Nick logo Credibly Curious

Nick Tierney's (mostly) rstats blog

2024-05-27

{geotargets} 0.1.0

Nicholas Tierney

Categories: geospatial rstats targets packages Tags: geospatial rstats targets packages

4 minute read

I’m very happy to announce {geotargets} version 0.1.0! The {geotargets} package extends {targets} to work with geospatial data formats. Version 0.1.0 supports terra::vect(), terra::rast() and terra::sprc() formats. This R package is only possible due to the great work by Eric Scott and Andrew Brown. While this blog post is on my website, I want to emphasise that this project is very much a team effort.

You can download {geotargets} from the R universe like so:

install.packages("geotargets", repos = c("https://njtierney.r-universe.dev", "https://cran.r-project.org"))

What is targets? Why do I need geotargets?

The targets package is an R package for managing analytic pipelines. It means that you can write out an analysis in a specific manner, and then as you update code, it will only rerun the necessary parts. Essentially it helps you avoid running large pieces of analysis when you don’t need to. To learn more about targets, I’d highly recommend reading the {targets} manual.

Let’s show an example.

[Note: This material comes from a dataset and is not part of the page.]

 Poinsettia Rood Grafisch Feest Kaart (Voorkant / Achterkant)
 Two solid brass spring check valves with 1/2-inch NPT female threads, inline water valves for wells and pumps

Let’s say we want to get an example raster file from {terra}, we can do the following:

terra_rast_example <- system.file(
  "ex/elev.tif", 
  package = "terra"
  ) |>
  terra::rast()

terra_rast_example
#> class       : SpatRaster 
#> dimensions  : 90, 95, 1  (nrow, ncol, nlyr)
#> resolution  : 0.008333333, 0.008333333  (x, y)
#> extent      : 5.741667, 6.533333, 49.44167, 50.19167  (xmin, xmax, ymin, ymax)
#> coord. ref. : lon/lat WGS 84 (EPSG:4326) 
#> source      : elev.tif 
#> name        : elevation 
#> min value   :       141 
#> max value   :       547

Here is the equivalent code in a targets pipeline - the reason we want to use {targets} here is we save the results so we don’t need to run them again. In this case the example code doesn’t take long to run. But imagine reading in the raster was hugely time and computer expensive and we didn’t want to do it again. The {targets} package stores the information so we can just read it back in later, and if we try and run the code again it will not update the code unless the data input has changed. Neat, right?

library(targets)
tar_dir({ # tar_dir() runs code from a temporary directory.
  tar_script({
    library(targets)
    list(
      tar_target(
        terra_rast_example,
        system.file("ex/elev.tif", package = "terra") |> terra::rast()
      )
    )
  })
  tar_make()
  x <- tar_read(terra_rast_example)
  x
})
#> ▶ dispatched target terra_rast_example
#> ● completed target terra_rast_example [1.196 seconds]
#> ▶ ended pipeline [1.825 seconds]
#> 
#> class       : SpatRaster
#> Error: external pointer is not valid

We get an error!

Error: external pointer is not valid

This is a relatively common gotcha moment when using libraries like {terra}. This is due to limitations with its underlying C++ implementation. There are specific ways to write and read these objects. See ?terra for details.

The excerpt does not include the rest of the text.